Compared with the old version of the method that relies on "full JSON parsing", the new parser solves multiple pain points:

  • Timely capture tool calls: There is no need to wait for all text to be generated before parsing, so as to improve the response speed.
  • Compatible with model output without prefixes and partial prefixes: The model can be correctly recognized even if it does not strictly follow the tool call format.
  • Accurately eliminates redundant calls: Avoid duplicate triggers caused by the model retelling previous call information.

This design makes the tool call process more robust, and developers do not need to worry about parsing failures caused by irregular formats.


6. Innovative Model Context Protocol

In order to maximize the use of model capabilities, Ollama has launched the "Model Context Protocol" (MCP), which supports ultra-long context windows (such as 32k tokens and above), significantly improving tool call accuracy and context understanding depth. Although the longer context will bring higher memory overhead, it does help the model make more reasonable and accurate tool call decisions. Developers can customize the num_ctx field to flexibly adjust the request parameters.

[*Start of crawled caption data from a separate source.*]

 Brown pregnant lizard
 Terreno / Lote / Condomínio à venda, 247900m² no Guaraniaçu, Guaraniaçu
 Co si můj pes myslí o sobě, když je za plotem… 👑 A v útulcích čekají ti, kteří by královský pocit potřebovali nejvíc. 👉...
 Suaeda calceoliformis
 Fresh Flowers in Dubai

7. Practical techniques and best practice suggestions

  1. 1. Prefers models that support tool calls
    The new version is compatible with multiple mainstream models, and the model that can grant tool calls is preferred to give full play to the advantages of the new version.
  2. 2. Configure long contexts to improve the effect
    Set the maximum context length according to application requirements to ensure that the model can obtain more complete information and optimize the results.
  3. 3. Function and tool design need to be clear and standardized
    To avoid call ambiguity, the function definition and parameter description of the tool must be detailed and comply with the model identification standards.
  4. 4. Use streaming capabilities to optimize front-end interaction
    Combining WebSocket, event streaming, and other technologies to create a real-time chat interface to realize incremental content display and synchronous feedback of tool calls.
  5. 5. Follow the log debugging information
    The new version of disk log contains better memory estimation, which helps diagnose model resource usage and improve tuning efficiency.

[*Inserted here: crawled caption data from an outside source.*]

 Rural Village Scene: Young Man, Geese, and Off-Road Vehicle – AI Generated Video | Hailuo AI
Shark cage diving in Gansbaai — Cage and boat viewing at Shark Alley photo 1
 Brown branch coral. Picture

8. Widely applicable scenarios and future prospects

With the v0.8.0 version, Ollama is not only used in basic chatbots, but also kicks off the implementation of multiple fields such as intelligent assistants, technical support, education tutoring, online consultation, and even complex automation process management. In the future, more tool integration, intelligent task coordinatio,n and stronger custom interaction functions are expected to be added, making the "human-machine + tool" collaboration smoother and more efficient.

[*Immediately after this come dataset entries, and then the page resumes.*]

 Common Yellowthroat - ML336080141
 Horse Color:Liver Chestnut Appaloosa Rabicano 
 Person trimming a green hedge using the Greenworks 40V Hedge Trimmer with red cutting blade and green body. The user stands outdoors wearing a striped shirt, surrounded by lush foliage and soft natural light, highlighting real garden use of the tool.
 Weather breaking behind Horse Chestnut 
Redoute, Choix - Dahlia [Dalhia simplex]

In addition, with the continuous optimization of model training and context protocols, intelligent dialogue combined with streaming tool calls will become the core form of artificial intelligence applications in the new era, creating unprecedented value for enterprises and developers.


9. Summary

Ollama v0.8.0 achieves the perfect combination of "real-time streaming response + tool call" with the most cutting-edge technological changes, pushing intelligent dialogue into a new dimension of efficiency and experience. Both developers and end users will benefit from this and usher in an era of smarter, interactive, and richer chat applications.